Dünyanın gittiği yerde, yolcu koltuğundan çok sürücü koltuğunda olma niyetinde olan biriyim. (HAYAT AMACI)

Bu cümleyi bir gecede kurmamışsınızdır. Bu niyetin hikâyesini paylaşır mısınız?

İnsanlık devrimselden öte evrimsel bir değişimden geçiyor. Dünyayı bir nevi nöral ağ olarak değerlendiriyorum ve bu bağlamda ne kadar bu “Net”in sinir uçlarına dokunabilirsek, geleceğe dair resim bir o kadar netleşiyor.  Netleştikçe işin finans tarafında riski bir o kadar iyi fiyatlandırabiliyoruz. Bunun sosyolojik yansımalarına dair hayatımızı daha iyi konumlandırabiliyoruz.

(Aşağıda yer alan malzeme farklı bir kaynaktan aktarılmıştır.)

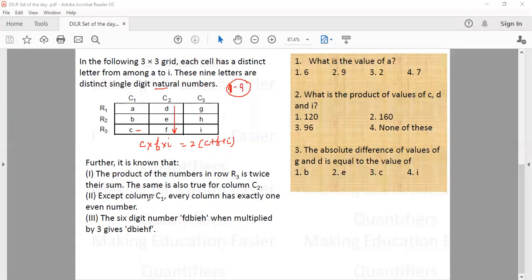The second point says except in column C1, every column has exactly one even number. And the six digit number F, B, D, B, E, I, H when multiplied by 3 gives a certain result. Based on these three conditions we have to find the values for A, B, C, D up to I.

İşte tam da bu işi yapıyor olmak, bana inanılmaz bir enerji veriyor. Bu kadar çok seyahatimin, bu kadar çok insanla buluşmamın, konuşmamın ana kaynağı budur.

Tutku mu, hırs mı?

Güzel soru. Hırs ise, neyin hırsı? Kariyerimin başında daha çok para odaklıydı. Ancak paranın tek başına bir şey olmadığını çok kısa bir zamanda öğrendim. Para kazanmak için koşulduğu düşünülürken aslında bunun başarı kazanmak için olduğunu, paranın ardından geldiğini, birlikte çalıştığım büyüklerim, mentorlarım söylemişti! Ne kadar da doğruymuş.

Burada hırslı olmak o başarıyı kazanmak için önemli bir katalizör.

Tutkuya gelince; tutku olmazsa olmaz. Öyle ki kendi işinizi yapıyorsanız; tutku olmazsa sürdürmek mümkün değildir. İnsanın kendi kişisel hedeflerini gerçekleştirmesi için, sürece olan bağlılığı tutkularıyla desteklenir. Buzdağının görünmeyen tarafının inşa edilmesinde, her ne iş yapılıyorsa tutkulu olmak çok önemlidir.

İletişim sizin öncelikli bir değeriniz, nasıl bir iletişimden bahsediyoruz, paylaşır mısınız?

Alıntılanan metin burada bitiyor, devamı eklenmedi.